So there is your choice. Your an 'emerging market'. Do you stand alone, independant and proud and suffer tarrifs on all your exports that make them uncompetative in any of the rich makets of the world OR do you get the right to buy into any market in any of the wto member states at the risk of loosing any autonomy in your own domestic markets.

The wto is a violent organisation. IT KILLS PEOPLE IN THEIR HUNDREDS OF THOUSANDS. Just cos these guys wear suits and have chaufers does nopt mean that they are not responsible for many, many deaths.

Violence, what's the point? In seattle There was a notion that countries who make up the emerging markets 'sat naked at the negotiating table' They were caught between two equally unapealing alternatives, with zero bargaining power. And then from inside the conference rooms could be heard the voice of thousands of people saying "no we do not want this, you do not do this in our mame.
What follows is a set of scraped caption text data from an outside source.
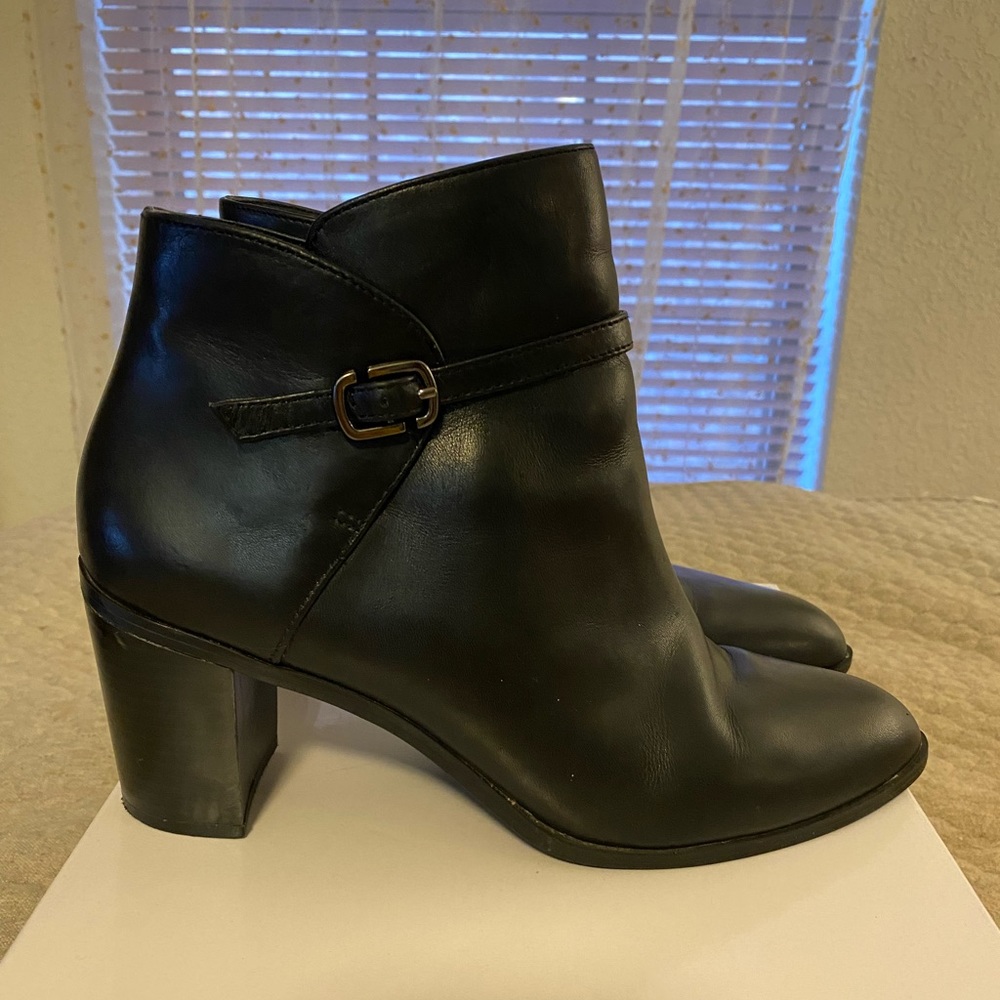Women’s Alfani Leather Black Booties Size 9.5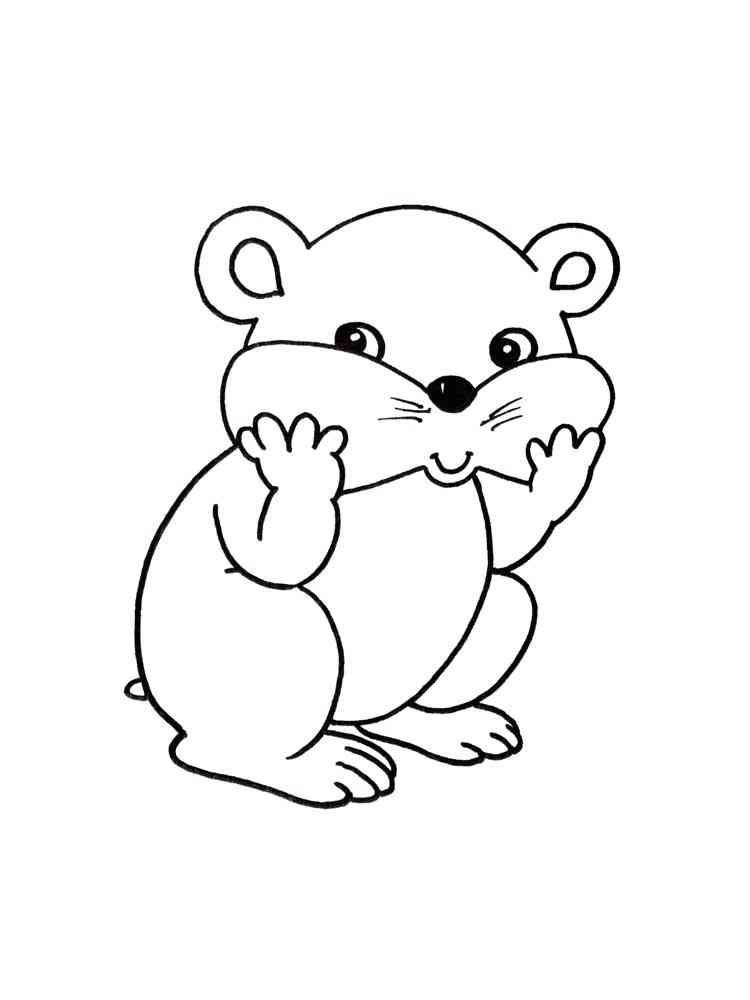 Hamster stuffed his cheeks coloring page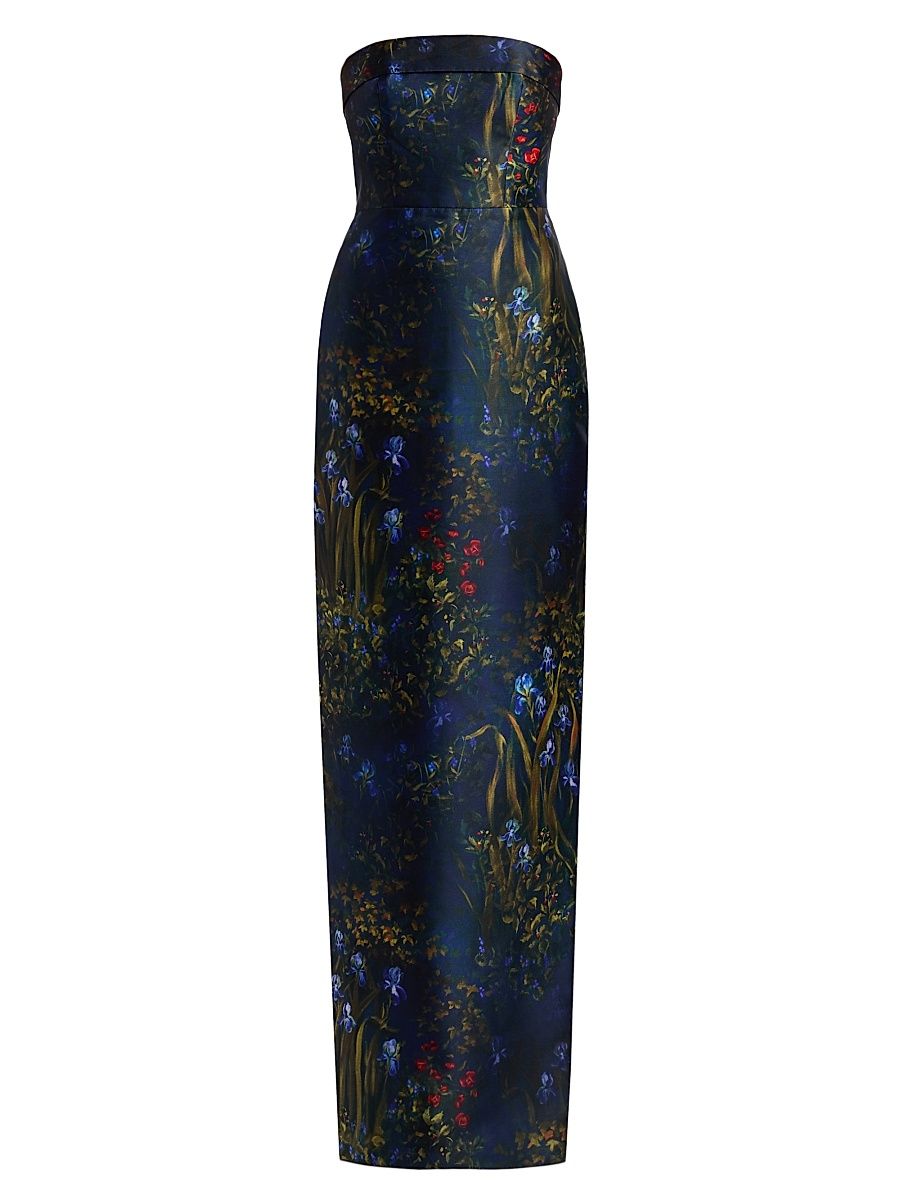 Women's Lynette Floral Strapless Column Gown - Herbarium - Size 16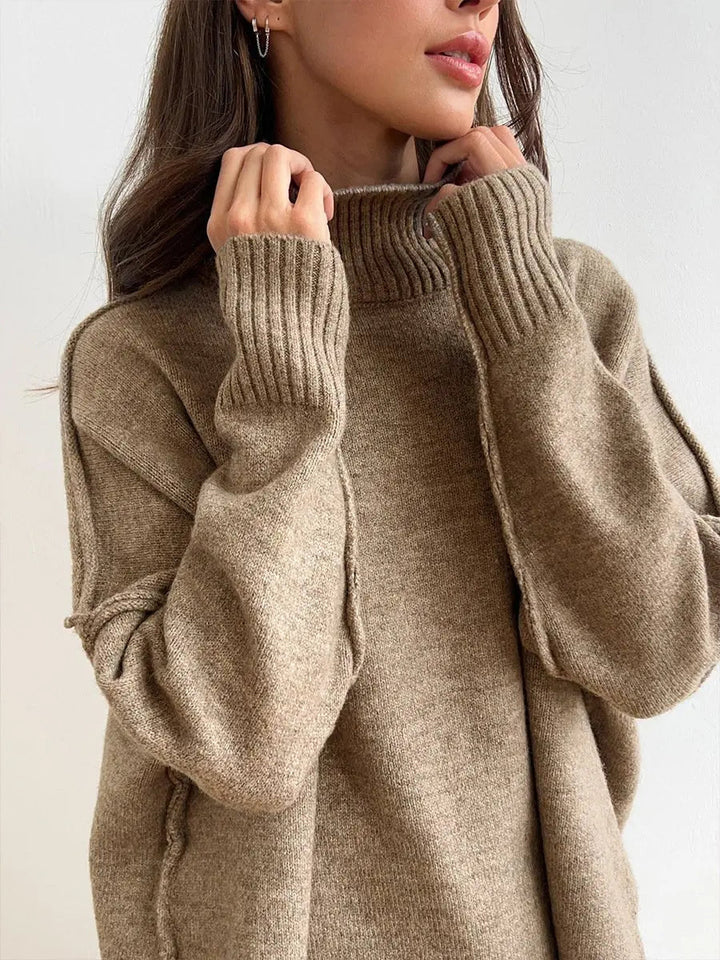 Relaxed fit women's turtleneck & wide leg pant set. Perfect cozy outfit for home or casual outings.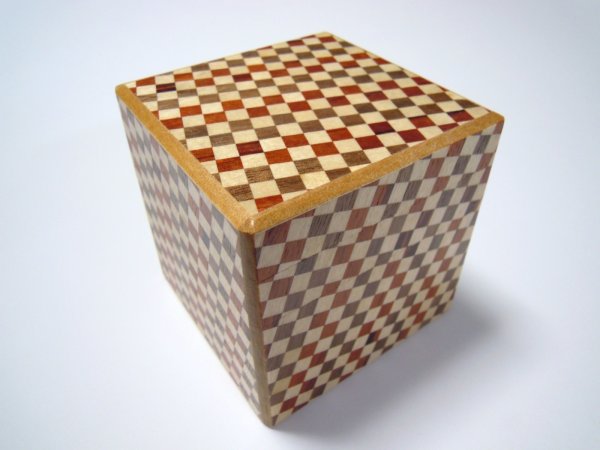 Photo1: 14 steps Ichimatsu 3 sun Cube Japanese puzzle box Himitsu-bako (1)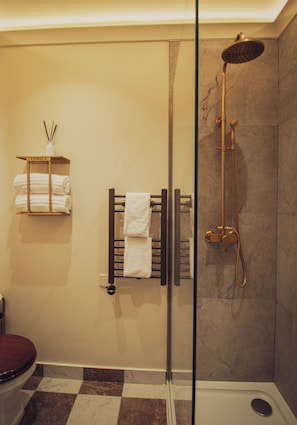 A bathroom with a shower, a toilet, a towel rack, and a glass partition.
Now fuck off"
 
 
Jackie Susann
20:45 / 02.07.01
Yeah, yeah, I agree with what Redtara said but since s/he's resurrected the thread, I'm going to post what I've been meaning to for ages, I'm sorry if it's not clear, I'm sleepy and if I wait till I can express it perfectly I'll never get it out.

It seems that critics of so-called antiglobalisation protests are basing their opposition on the idea that the movement's goal is or should be to grow by recruiting more and more people. Violence at protests alienates potential recruits, and hence is counter-productive. But this has never been the goal of anti-corporate-globalisation protests (not to say individuals and groups within the movement don't have that goal).

The goal has been and is to increase the administrative costs of global capitalism, primarily by making it more difficult for delegates to enter the forums (either forcing cancellations or wasting valuable time) and by increasing the costs to local governments and businesses through wide-ranging and sometimes violent protests.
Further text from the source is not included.